The History of the Public Theaters
.—With such models, then, James Burbage—the father of Richard Burbage, later the great actor manager of Shakespeare's company—built the first London theater in 1576. It was erected not far outside the northern walls of the city, and was called simply the Theater. Not far away, a second theater, the Curtain, was soon put up, so called not from any curtain on the stage, but from the name of the estate on which it was built. The next theater, the Rose, was situated in another quarter, on the Surrey side of the Thames, where the bear-baiting rings were. This was constructed, probably in 1587, by Philip Henslowe, a prominent theatrical manager. Some time after 1594, a second theater, the Swan, was put up in this same region, commonly called the Bankside. The suitability of the Bankside as a location for theaters is still further attested by the removal thither of the Theater in the winter of 1598-1599. The owner of the land on which the Theater had originally been  built had merely leased it to Burbage—who had since died,—and, when the lease expired, he attempted to raise the rent, probably believing that the Burbage heirs were receiving large profits from the building. Being unwilling to pay this increased rent, the Burbages took down the building, and reërected it on the Bankside, this time calling it the Globe. The last to be built of the great public theaters was the Fortune, which Henslowe erected in 1600. The situation of the Fortune outside Cripplegate, although a considerable distance west of the Curtain, was, roughly, that of the earlier theaters, the northern suburbs of the city.
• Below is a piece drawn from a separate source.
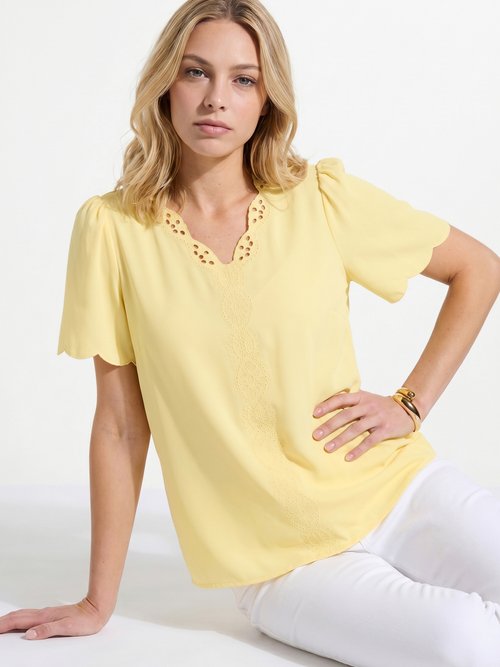 Tunique longue brodée manches courtes unie Femme Jaune CELESTINE MV1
This list does not include all the theaters built or altered between 1576 and 1600, nor did such building stop at the latter date,—the Globe, for instance, was burnt and again rebuilt in 1613,—but the sketch is complete enough for our purposes. By the end of 1600 all the more important public theaters were open, and after that date, so far as we know, no important changes in construction were made. The next real step—which was to do away altogether with this type of theater—did not come until after the Restoration.

The Buildings
.—Before describing the buildings themselves, it is necessary to make one qualification. It is impossible to speak of the 'Elizabethan theaters' or of the 'Elizabethan stage' as if there were one type to which all theaters and stages conformed. The Fortune was undoubtedly a great improvement over the Theater, the outcome of an evolution which could be traced through the other theaters if we had the necessary documents. If the various theaters did not differ from each other as some of our modern theaters do, they  still did differ in important points. For example, while the Globe and the Curtain were round, other theaters were hexagonal or octagonal, and the Fortune was square. Likewise, there were certainly differences in size. In spite of these facts, it is, however, still possible to describe the theaters, in general terms which are sufficiently accurate for our present purpose.
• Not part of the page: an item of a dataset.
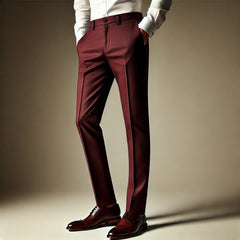 Men's Premium Cotton Fit Pants - Maroon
An Elizabethan theater was a three-story building of wooden or half-timber construction. The three stories formed three galleries for spectators. The first of these was raised a little above the level of the ground, while the yard, or 'pit,' in which the lower class of spectators stood, seems to have been somewhat sunken. The galleries were supported by oaken columns, often handsomely carved and ornamented. They were roofed and ceiled, but the yard was open to the weather. Although we know that the Fortune was eighty feet square outside, and that the yard within was fifty-five feet square, we are left in uncertainty about the seating capacity. From fifteen hundred to eighteen hundred is, however, the most convincing estimate. There were two boxes, or 'gentlemen's rooms,' presumably in the first balcony on either side of the stage. Besides these, there were other, cheaper boxes, and the rest of the balcony space was filled with seats. The better seats were most comfortably cushioned, and the whole theater anything but the bare rude place which people often imagine it. Coryat, a widely traveled Englishman of the period, writes of the theaters which he saw in Venice that they were "bare and beggarly in comparison of our stately playhouses in England; neither can their actors compare with us for stately apparel,  shows, or music." That this was no mere British prejudice is shown by the similar statements of foreigners traveling in England.
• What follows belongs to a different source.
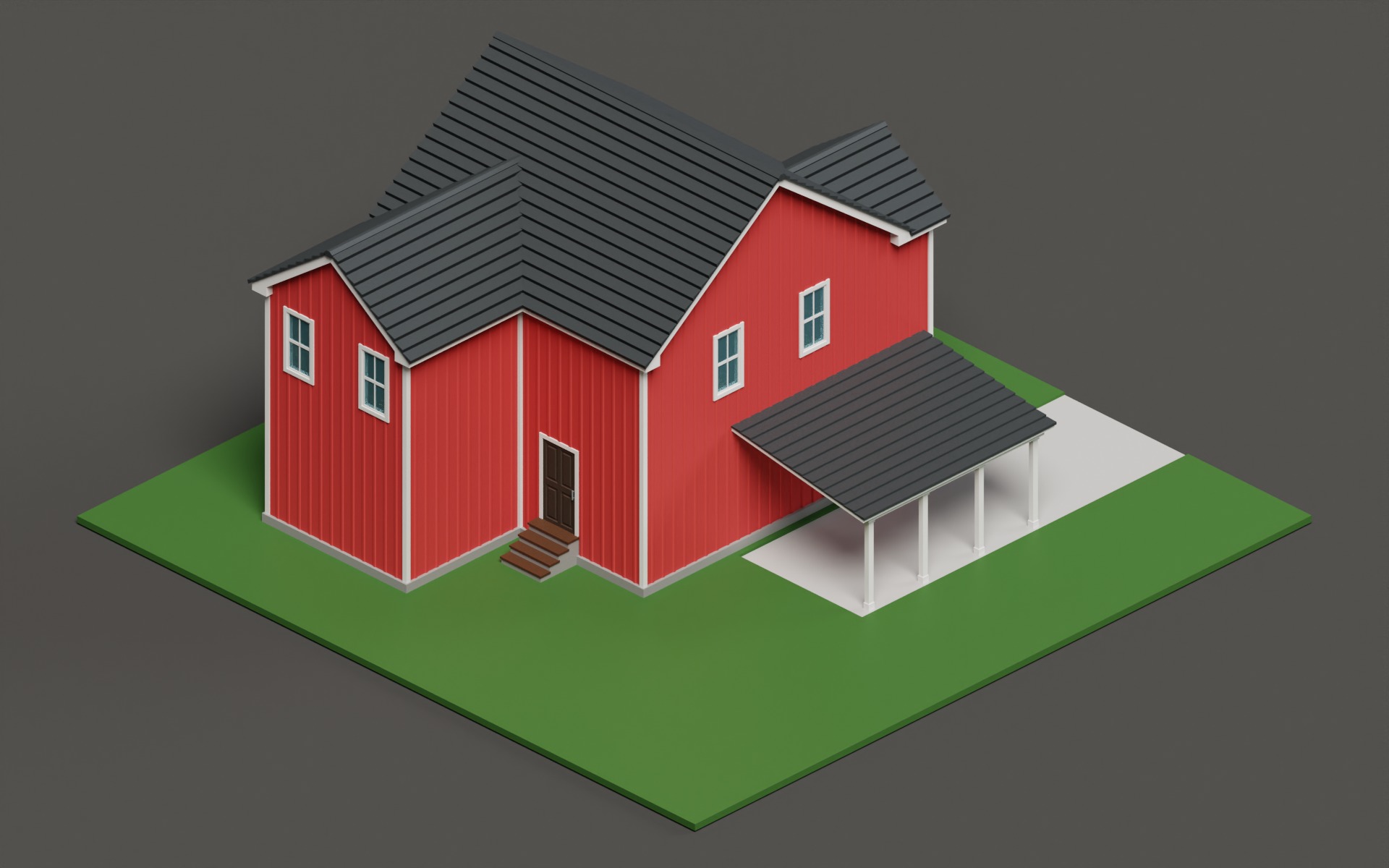 Classic American Country House with Porch Low-poly 3D model_6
The most striking difference between Elizabethan and modern theaters was in the position of the stage, which was not back of a great proscenium frame, but was built out as a platform into the middle of the yard. At the Fortune, the stage was forty-three feet wide,—wider, that is, than most modern stages.[
2
] Jutting out from the level of the top gallery, and extending perhaps ten feet over the stage, was a square structure called the 'hut,' which rose above the level of the outside walls. Built out from the bottom of this, a roof, or 'shadow,' extended forward over a large part of the stage. The front of this 'shadow' was borne, in the better theaters, on two columns. The shadow and the hut, taken together, are often referred to as the 'heavens.'

The Stage
.—When we turn from these general features of the theaters to the stage, we shall find it convenient to speak of a front and a rear stage, but this does not imply any permanent line of demarcation between the two, or that they were not often used together as a single field of action. The rear stage is simply that part of the stage which could be shut off from the spectators by curtains; the other, that part which lay in front of the curtains. In other words, the front stage is that portion of the stage which was built out into the yard, for the curtains continued the line made around the rest of the house by the front  of the galleries. In both front and rear stages were traps out of which ghosts or apparitions could rise and into which such properties as the caldron in
Macbeth
could sink. From the 'heavens,' actors representing gods or spirits—as Jupiter in
Cymbeline
or Ariel in
The Tempest

could be lowered by means of a mechanical contrivance.

 

 

TIMON OF ATHENS, v, 4. OUTER SCENE.

Trumpets sound. Enter Alcibiades with his
Powers before Athens.

Alc
. "Sound to this Coward, and lascivious
Towne. Our terrible approach."

Sounds a parly. The Senators appeare upon the Wals.

Reproduced from
The Shakespearean Stage
, by V. E. Albright, through the courtesy of the publishers, the Columbia University Press.

 

The arrangement of the rear stage may have differed considerably in the various theaters, but the typical form may best be described as an alcove in front of which curtains could be drawn. This alcove was by no means so small as the word may seem to imply, but must have been about half as wide as the front stage and perhaps a quarter as deep. In its rear wall was a door through which the actors could enter without being seen when the curtains were drawn, and it seems to have had side doors as well. To the right and left of it were doors for such entrances to the front stage as could not properly be made through the curtains. This part of the stage was used for such scenes as the caves in
Cymbeline
or
The Tempest
, for the tomb in
Romeo and Juliet
, and for scenes in which characters concealed themselves behind the arras, as in
I Henry IV
or
Hamlet
. Since the front stage could not be concealed from the spectators, most heavy properties were placed on the back stage, so that this part of the stage was generally used for scenes which required such properties. For many of these scenes, however, both parts of the stage were used, the actors spreading out over the front stage soon after the beginning of the scene.